Working with tar/tgz/zip files as input

Some popular datasets like LAION 400M use webdataset compressed formats. Fastdup supports the following compressed file formats: tar,tgz,tar.gz,zip. Those compressed files can be located in a local folder or remote s3 or minio path.

For example, the LAION dataset contains the following tar files:

00000.tar containing:  
000000000.jpg  
000000001.jpg  
000000002.jpg

Each tar file contains 10K images.

When working with compressed files you need to run with run_mode=1 for performing the extraction of feature vectors first, since we do not know ahead how many files are in each tar when copied from s3. After the feature vectors are extracted, collect all the output files into the same folder and run again with run_mode=2 to compute the NN model.

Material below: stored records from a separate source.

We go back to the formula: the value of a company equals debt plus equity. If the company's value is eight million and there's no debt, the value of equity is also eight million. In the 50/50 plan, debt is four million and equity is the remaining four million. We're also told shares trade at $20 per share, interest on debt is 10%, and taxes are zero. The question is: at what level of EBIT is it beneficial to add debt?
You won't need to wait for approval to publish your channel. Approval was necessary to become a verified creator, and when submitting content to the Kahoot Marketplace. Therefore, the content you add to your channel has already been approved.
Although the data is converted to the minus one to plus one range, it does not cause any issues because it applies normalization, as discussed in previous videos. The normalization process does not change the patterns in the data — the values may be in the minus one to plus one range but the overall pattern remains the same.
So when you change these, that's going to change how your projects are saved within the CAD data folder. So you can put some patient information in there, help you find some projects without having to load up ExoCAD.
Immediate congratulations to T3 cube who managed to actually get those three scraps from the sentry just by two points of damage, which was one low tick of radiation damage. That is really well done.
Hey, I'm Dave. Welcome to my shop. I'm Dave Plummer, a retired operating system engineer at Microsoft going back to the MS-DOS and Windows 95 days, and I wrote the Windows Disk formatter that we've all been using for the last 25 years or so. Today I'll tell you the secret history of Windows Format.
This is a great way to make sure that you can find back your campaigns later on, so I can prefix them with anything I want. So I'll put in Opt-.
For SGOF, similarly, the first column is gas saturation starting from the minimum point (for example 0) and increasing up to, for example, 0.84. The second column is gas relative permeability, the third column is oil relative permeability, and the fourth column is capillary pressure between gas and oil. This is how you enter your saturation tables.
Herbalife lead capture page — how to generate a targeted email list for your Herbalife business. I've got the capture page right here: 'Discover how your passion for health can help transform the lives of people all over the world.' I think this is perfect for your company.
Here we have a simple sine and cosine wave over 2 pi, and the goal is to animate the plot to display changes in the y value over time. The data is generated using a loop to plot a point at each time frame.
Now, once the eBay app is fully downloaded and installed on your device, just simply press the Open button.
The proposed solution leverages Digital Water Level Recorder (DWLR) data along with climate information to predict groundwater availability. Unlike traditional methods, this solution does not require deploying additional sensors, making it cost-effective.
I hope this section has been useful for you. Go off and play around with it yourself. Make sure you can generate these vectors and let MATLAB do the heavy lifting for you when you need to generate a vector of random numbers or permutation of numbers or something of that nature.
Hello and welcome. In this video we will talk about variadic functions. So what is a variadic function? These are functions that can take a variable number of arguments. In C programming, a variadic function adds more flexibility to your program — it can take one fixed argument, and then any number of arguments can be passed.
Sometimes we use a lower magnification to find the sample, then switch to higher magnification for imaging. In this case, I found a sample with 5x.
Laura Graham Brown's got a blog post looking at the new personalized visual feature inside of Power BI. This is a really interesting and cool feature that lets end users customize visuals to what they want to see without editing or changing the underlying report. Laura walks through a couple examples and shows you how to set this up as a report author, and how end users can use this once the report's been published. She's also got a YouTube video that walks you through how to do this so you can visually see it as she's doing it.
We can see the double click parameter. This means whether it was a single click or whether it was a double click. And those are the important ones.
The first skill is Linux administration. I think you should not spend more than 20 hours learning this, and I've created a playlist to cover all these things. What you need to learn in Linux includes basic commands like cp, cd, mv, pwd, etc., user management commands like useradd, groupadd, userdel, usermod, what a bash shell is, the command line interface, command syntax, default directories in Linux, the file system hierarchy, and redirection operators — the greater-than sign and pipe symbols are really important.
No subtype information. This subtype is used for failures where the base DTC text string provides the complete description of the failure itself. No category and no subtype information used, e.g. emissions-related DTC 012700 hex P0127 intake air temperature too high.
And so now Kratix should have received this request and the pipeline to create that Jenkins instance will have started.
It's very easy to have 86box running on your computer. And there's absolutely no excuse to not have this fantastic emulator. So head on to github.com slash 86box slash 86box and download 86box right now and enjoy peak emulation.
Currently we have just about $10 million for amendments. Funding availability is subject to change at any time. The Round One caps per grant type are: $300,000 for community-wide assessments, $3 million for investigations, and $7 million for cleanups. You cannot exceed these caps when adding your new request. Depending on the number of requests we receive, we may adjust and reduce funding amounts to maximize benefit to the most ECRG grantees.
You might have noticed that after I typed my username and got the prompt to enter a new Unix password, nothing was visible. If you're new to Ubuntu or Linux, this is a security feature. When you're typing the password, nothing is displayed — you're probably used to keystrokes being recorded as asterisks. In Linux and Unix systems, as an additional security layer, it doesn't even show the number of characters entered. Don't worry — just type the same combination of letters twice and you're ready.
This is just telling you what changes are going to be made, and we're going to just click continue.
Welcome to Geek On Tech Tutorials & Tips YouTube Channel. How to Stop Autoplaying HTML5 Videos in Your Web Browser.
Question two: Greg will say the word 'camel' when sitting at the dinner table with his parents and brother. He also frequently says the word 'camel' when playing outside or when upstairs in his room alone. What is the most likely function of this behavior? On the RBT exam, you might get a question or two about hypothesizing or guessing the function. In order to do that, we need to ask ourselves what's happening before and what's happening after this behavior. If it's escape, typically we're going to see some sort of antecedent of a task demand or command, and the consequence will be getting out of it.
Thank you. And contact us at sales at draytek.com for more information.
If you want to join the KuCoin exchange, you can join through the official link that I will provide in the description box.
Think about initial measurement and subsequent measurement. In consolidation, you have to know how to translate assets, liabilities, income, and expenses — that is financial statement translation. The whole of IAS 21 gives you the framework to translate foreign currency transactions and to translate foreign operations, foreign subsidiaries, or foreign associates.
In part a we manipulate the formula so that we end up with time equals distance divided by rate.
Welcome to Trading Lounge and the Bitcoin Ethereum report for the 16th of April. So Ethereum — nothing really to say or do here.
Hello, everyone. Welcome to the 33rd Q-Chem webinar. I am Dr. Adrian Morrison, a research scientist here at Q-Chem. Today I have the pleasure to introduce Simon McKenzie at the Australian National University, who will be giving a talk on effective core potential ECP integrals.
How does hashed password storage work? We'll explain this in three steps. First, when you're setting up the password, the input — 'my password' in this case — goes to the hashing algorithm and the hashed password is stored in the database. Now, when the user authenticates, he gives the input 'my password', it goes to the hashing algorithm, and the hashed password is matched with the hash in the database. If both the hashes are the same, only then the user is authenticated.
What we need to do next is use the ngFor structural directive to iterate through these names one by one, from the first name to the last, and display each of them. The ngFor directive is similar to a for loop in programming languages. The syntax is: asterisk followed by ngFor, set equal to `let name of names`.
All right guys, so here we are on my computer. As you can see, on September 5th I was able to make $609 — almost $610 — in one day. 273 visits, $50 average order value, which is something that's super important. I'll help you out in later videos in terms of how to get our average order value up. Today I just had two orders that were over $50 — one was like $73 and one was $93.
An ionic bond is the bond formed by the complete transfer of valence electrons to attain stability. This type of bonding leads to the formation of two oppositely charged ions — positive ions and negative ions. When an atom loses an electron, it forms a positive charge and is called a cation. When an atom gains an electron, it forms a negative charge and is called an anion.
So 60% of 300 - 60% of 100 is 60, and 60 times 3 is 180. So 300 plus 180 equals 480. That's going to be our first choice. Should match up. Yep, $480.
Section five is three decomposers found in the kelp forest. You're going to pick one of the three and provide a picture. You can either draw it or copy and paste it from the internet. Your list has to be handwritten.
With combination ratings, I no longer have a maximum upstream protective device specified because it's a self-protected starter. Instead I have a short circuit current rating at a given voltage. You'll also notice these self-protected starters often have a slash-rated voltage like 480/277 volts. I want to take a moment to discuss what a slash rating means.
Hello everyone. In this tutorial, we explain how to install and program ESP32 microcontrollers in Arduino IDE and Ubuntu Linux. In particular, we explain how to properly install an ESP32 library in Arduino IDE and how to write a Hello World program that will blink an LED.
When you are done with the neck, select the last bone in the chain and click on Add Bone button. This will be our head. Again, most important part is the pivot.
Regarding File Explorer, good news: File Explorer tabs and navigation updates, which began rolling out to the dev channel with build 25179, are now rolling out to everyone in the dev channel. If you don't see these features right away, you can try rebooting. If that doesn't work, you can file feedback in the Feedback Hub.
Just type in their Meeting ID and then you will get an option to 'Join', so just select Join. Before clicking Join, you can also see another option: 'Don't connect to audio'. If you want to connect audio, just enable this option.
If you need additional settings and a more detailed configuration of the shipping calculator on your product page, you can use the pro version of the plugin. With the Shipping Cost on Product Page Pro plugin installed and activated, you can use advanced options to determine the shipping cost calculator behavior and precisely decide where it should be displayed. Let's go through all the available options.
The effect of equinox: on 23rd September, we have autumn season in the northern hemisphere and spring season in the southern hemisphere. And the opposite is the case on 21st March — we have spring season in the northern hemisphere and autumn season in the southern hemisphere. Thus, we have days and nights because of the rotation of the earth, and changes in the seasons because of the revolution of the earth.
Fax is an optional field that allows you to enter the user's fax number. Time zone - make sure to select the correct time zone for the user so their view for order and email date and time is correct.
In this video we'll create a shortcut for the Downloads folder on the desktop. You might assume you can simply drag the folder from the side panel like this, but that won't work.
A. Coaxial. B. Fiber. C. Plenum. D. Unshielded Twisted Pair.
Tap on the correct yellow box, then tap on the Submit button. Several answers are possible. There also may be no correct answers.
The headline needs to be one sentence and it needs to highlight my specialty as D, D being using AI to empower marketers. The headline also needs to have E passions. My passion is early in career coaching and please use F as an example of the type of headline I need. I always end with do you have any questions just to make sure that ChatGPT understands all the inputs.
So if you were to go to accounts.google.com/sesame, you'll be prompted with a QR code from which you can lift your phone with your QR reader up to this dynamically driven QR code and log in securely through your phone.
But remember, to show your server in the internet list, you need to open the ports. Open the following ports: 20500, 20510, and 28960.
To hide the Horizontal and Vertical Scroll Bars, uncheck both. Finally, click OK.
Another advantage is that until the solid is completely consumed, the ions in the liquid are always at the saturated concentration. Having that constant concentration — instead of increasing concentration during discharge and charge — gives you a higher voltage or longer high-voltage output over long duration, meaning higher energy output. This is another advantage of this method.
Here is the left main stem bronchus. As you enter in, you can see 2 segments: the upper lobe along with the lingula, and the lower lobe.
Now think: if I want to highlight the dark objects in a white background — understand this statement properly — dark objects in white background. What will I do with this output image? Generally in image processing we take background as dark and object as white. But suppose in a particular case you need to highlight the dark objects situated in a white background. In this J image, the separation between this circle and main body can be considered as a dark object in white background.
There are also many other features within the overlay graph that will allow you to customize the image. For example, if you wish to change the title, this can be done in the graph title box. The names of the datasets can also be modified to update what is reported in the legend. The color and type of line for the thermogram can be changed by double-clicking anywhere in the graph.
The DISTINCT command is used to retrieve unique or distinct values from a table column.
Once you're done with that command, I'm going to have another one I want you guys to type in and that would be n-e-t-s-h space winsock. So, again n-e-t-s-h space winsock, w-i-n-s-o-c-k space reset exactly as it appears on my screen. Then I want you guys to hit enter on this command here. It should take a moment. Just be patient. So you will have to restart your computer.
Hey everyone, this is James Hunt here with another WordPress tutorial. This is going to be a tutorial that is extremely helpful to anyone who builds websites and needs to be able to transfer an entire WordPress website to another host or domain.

The compressed files are first copied locally into the /tmp/<tarname>/ folder and then extracted. For each compressed tar file we generate two output files: <tarname>features.dat for the binary features and <tarname>features.dat.csv for the file list.

Example output file for the tar above (the path is given via the work_dir command line argument).

$ cat 00000.tarfeatures.dat.csv  
filename  
/tmp/00000.tar/000000000.jpg  
/tmp/00000.tar/000000001.jpg

...
Note that it is possible to configure the behaviour regarding deletion of files. On default, both the downloaded tar files and the extracted images are deleted after the feature vectors are extracted. If you want to keep them locally (assuming there is large enough hard drive) you can run with :

turi_param='delete_tar=0,delete_img=0'
This keeps all the downloaded tars and images in the /tmp folder.

Running example. Assume you got to the full dataset downloaded into s3://mybucket/myfolder. In total there are 40,000 tar files. Further assume you want to run using 20 compute nodes to extract the feature in parallel. In this case you cam run:

import fastdup  
fastdup.run('s3://mybucket/myfolder', run_mode=1, work_dir='/path/to/work_dir',  
            min_offset=0, max_offset=2000)

The first job runs on 2000 tars from 0 to 2000 not including. In parallel you can run with min_offset=2000, max_offset=4000 on another node etc. We estimate the extraction speed in around 4M images per hour on a 32 core machine (no GPU).

Once all jobs are finished, collect all the output files from the work_dir into a single location and run:

import fastdup  
fastdup.run('s3://mybucket/myfolder', run_mode=2, work_dir='/path/to/work_dir')

For running on 50M images you will need an ubuntu machine with 32 cores and 256GB RAM. We are working on further scaling the implementation for the full dataset - stay tuned!